The foundation of the college was announced in 2011 under the leadership of A. C. Grayling, with education based around an Oxbridge-like tutorial system and fees of £18,000 a year. Initial reports said that it aimed to offer an education to rival that of Oxford and Cambridge, but Grayling said this had been blown out of proportion by press hyperbole. He said he had the idea for the college years ago when he was admissions tutor for St Anne's College, Oxford, and the university was turning down twelve good interviewees for every successful one.

Grayling argued that there was not enough elite university provision in the United Kingdom, leading thousands of British students to study in the United States instead. He told The Independent that the headmaster of Winchester College, an independent secondary school, had said many of his best students failed to get into Oxbridge because of government pressure to increase the number of students from state schools. He also criticised English state examinations, arguing that A-levels do not adequately measure ability.

Grayling said David Willetts, the universities minister, was told of the project in 2010, and appeared enthusiastic. NCH Limited was first named Grayling Hall Limited (after A. C. Grayling and Peter Hall), incorporated in July 2010 and registered at an address in Peckham, south London. The name was changed to New College of the Humanities in February 2011.
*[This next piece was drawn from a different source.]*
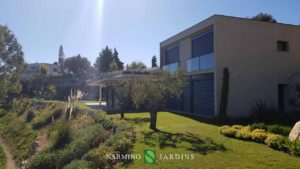 A view of one of the villas and its gardens maintained by Narmino Jardins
Initial "seed capital" of £200,000 for the project was provided, according to British newspaper The Guardian, by the financier Peter Hall. £10 million in private equity funding was subsequently raised to cover costs for two years, with the expectation that NCH would break even by the third. Cavendish Corporate Finance LLP were the corporate financiers hired by NCH Ltd. and raised this £10 million from a range of private investors including a number of prominent individuals from the world of business and finance.

===Reception===
The college's founding attracted a substantial response in the UK, where most higher education institutions are publicly funded, and a significant amount of adverse publicity. There was an angry reaction from sections of the academic community. Complaints included that NCH had copied the course descriptions of the University of London's international programmes on its website; was offering the same syllabus with a significantly higher price tag; and that the senior academics involved with the project would in fact do very little of the teaching. Academics were also opposed to the college's for-profit structure and high tuition fees. Literary critic Terry Eagleton called the college "odious", arguing that it was taking advantage of a crumbling university system to make money; Grayling responded that Eagleton himself teaches a few weeks a year at the University of Notre Dame in Indiana, USA, a private – though non-profit – university. Lawyer David Allen Green, writing in the New Statesman, described NCH as a "sham" and a "branding exercise with purchased celebrity endorsements and a PR-driven website." Several academics complained in a letter to The Guardian that its creation was a setback for the campaign against the current government's policy of commercialising education, and were joined by 34 of Grayling's former colleagues at Birkbeck, who questioned how much teaching the college's 14 academic partners would actually do. Terence Kealey, then Vice-Chancellor of the University of Buckingham, suggested it was dangerous to have a university funded by private equity, citing the possible collapse in 2011 of Southern Cross private nursing homes.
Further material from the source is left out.